## Your task
An exact copy of the records is needed; please leave the images out.

[Short descriptive text snippets]
=====
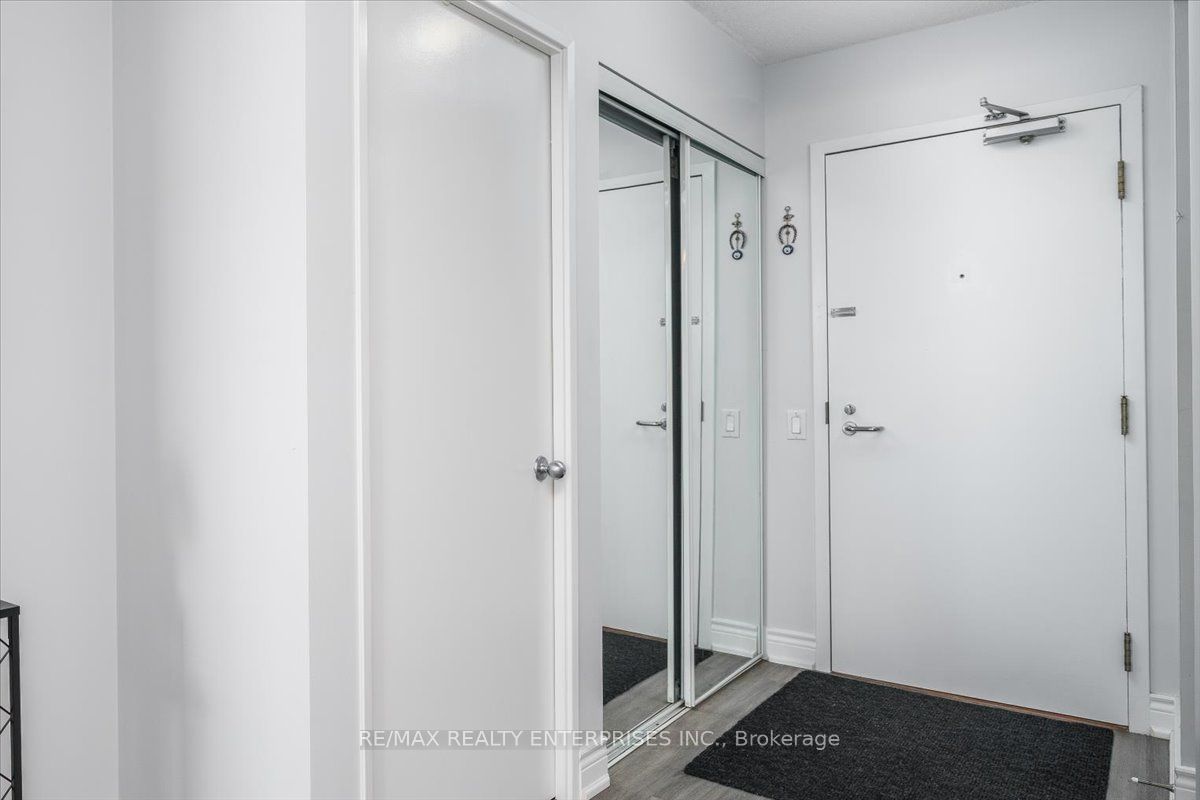 Unit 506 - 21 Overlea Boulevard NE, Toronto 2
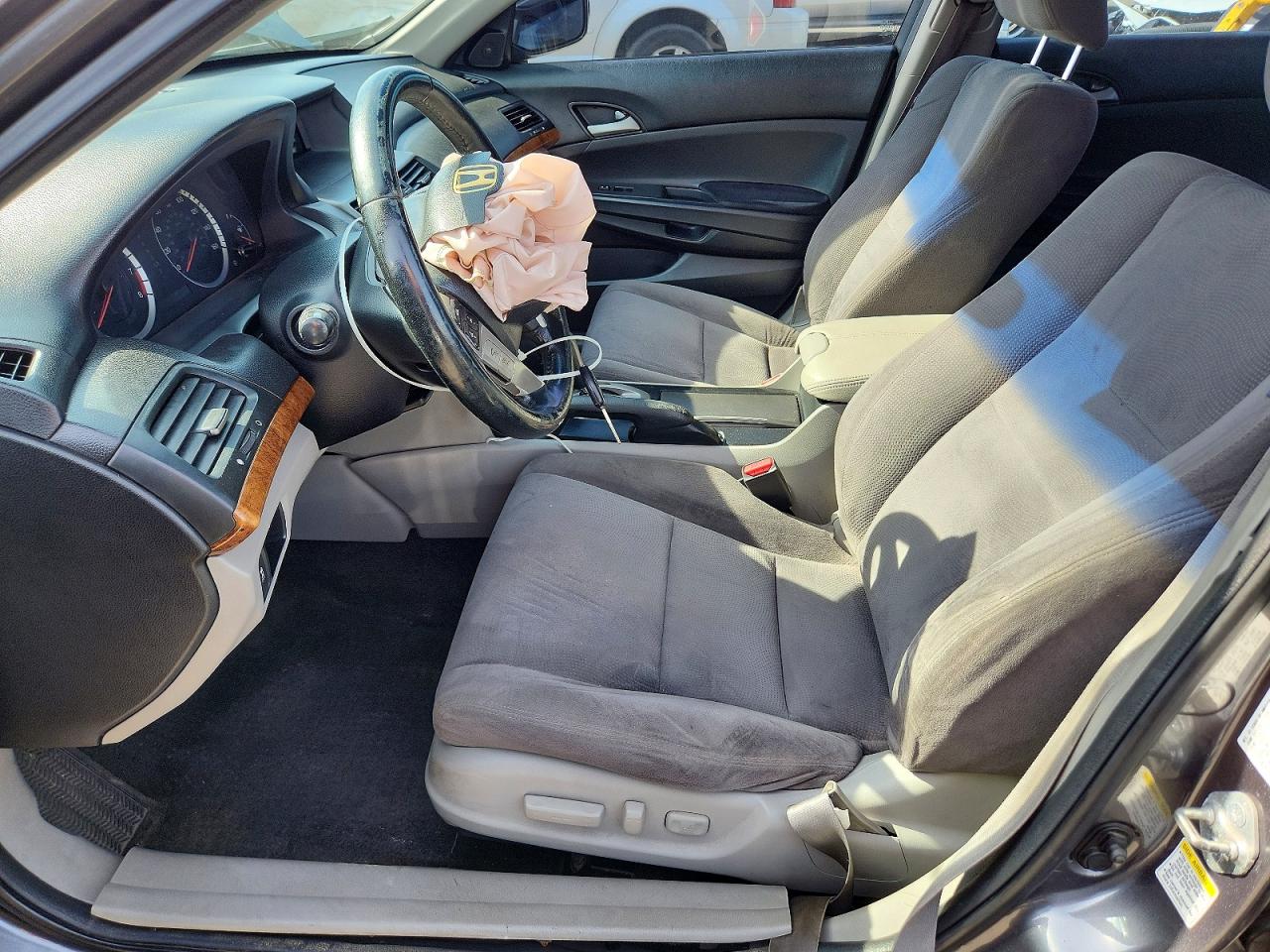 2011 Honda Accord Exl Серебряный vin: 1HGCP2F86BA058484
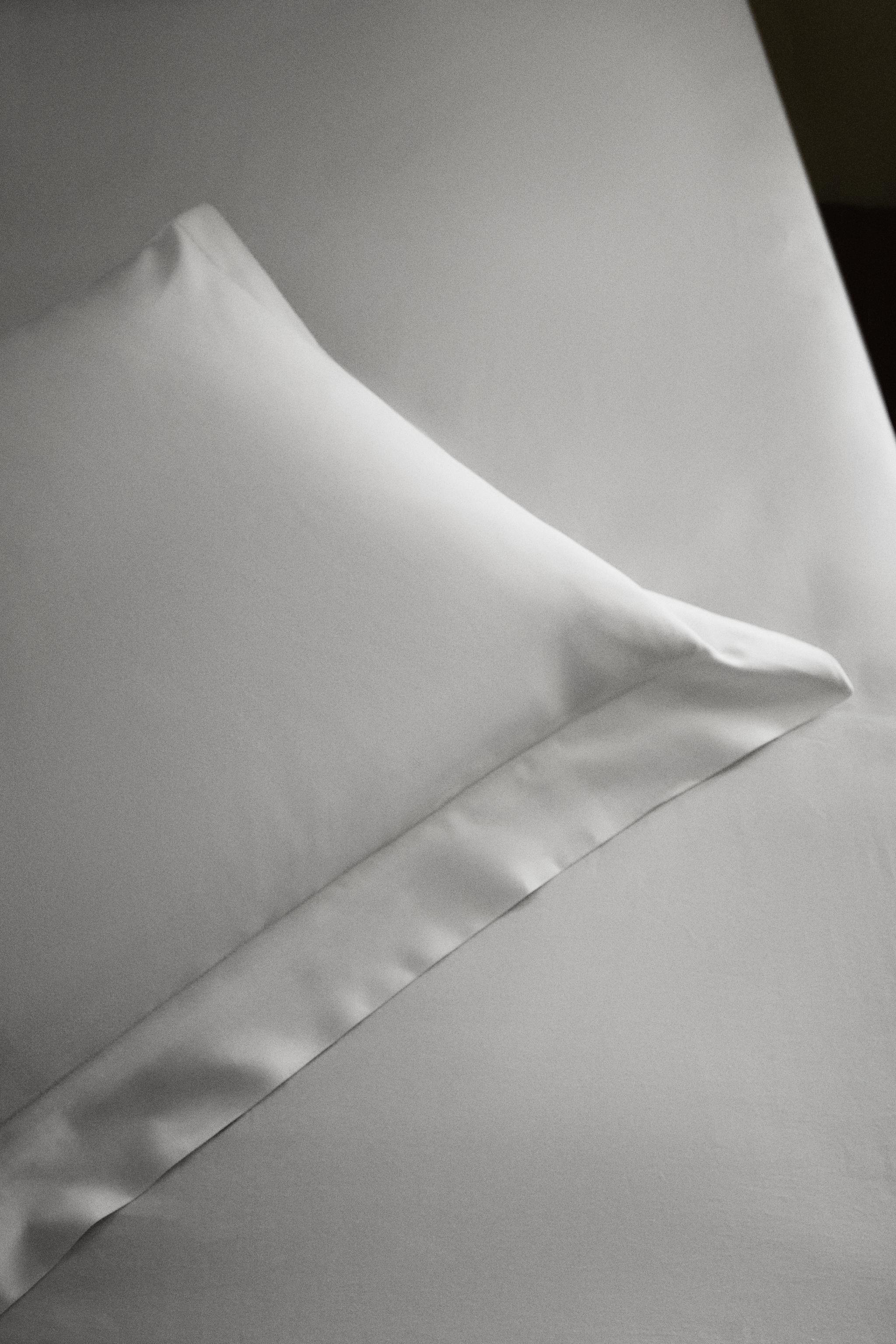 THICK SATEEN PILLOWCASE (300 THREAD COUNT)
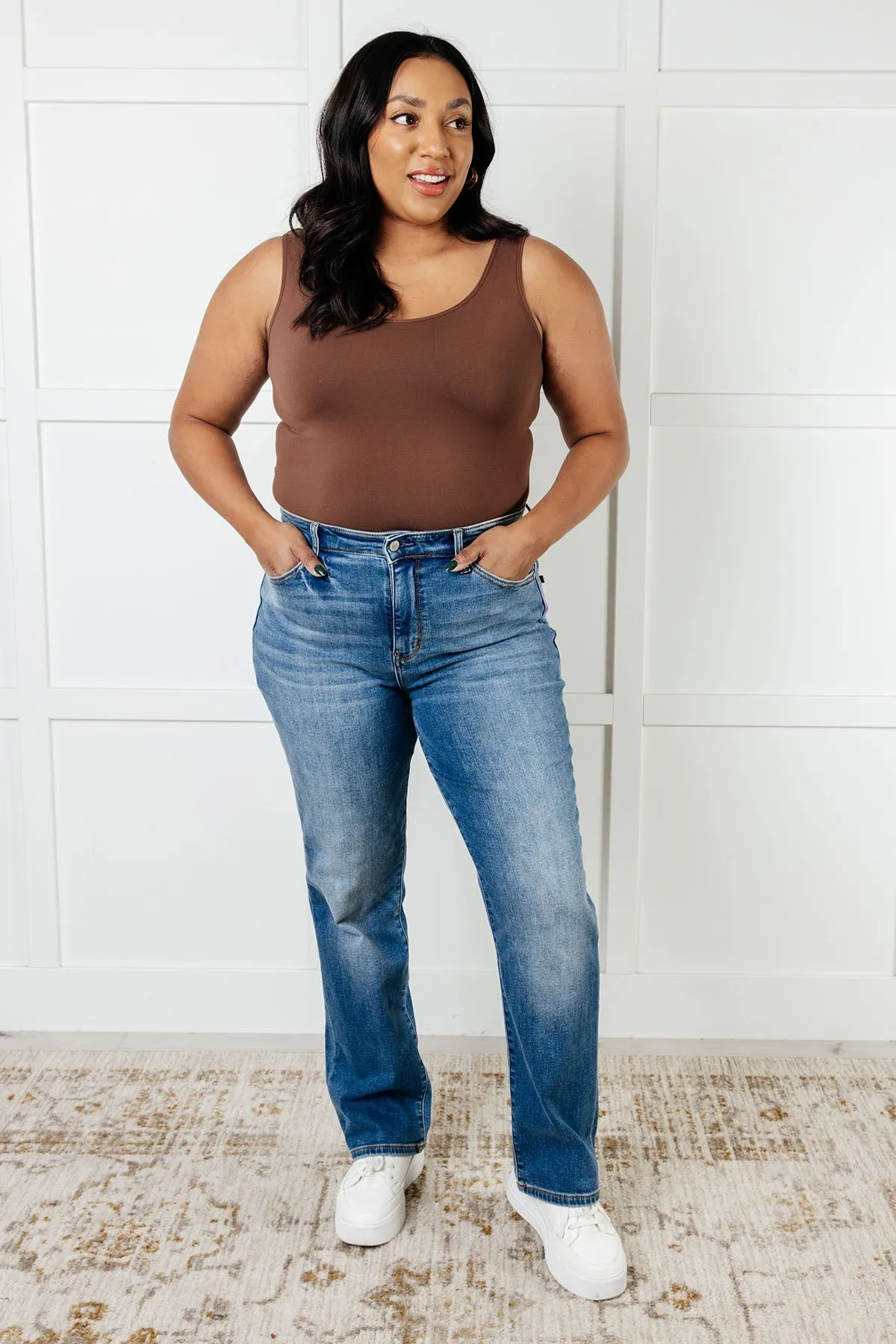 ONLINE EXCLUSIVE JUDY BLUE Nivea Vintage Wash Thermal Straight Jeans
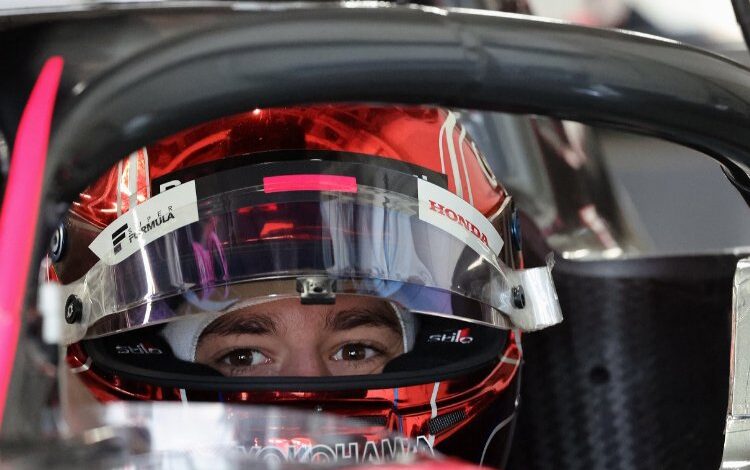 Cem Bölükbaşı piste çıkıyor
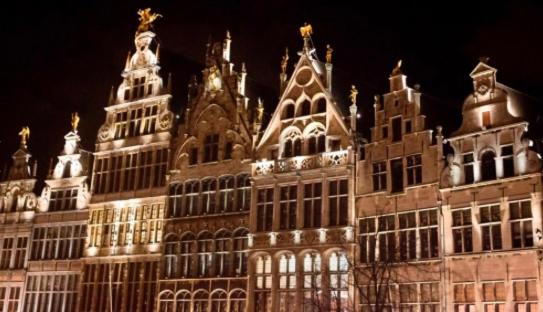 B&B Art and Sleep, Antverpy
=====
## Written solution
 Unit 506 - 21 Overlea Boulevard NE, Toronto 2
 2011 Honda Accord Exl Серебряный vin: 1HGCP2F86BA058484
 THICK SATEEN PILLOWCASE (300 THREAD COUNT)
 ONLINE EXCLUSIVE JUDY BLUE Nivea Vintage Wash Thermal Straight Jeans
 Cem Bölükbaşı piste çıkıyor
 B&B Art and Sleep, Antverpy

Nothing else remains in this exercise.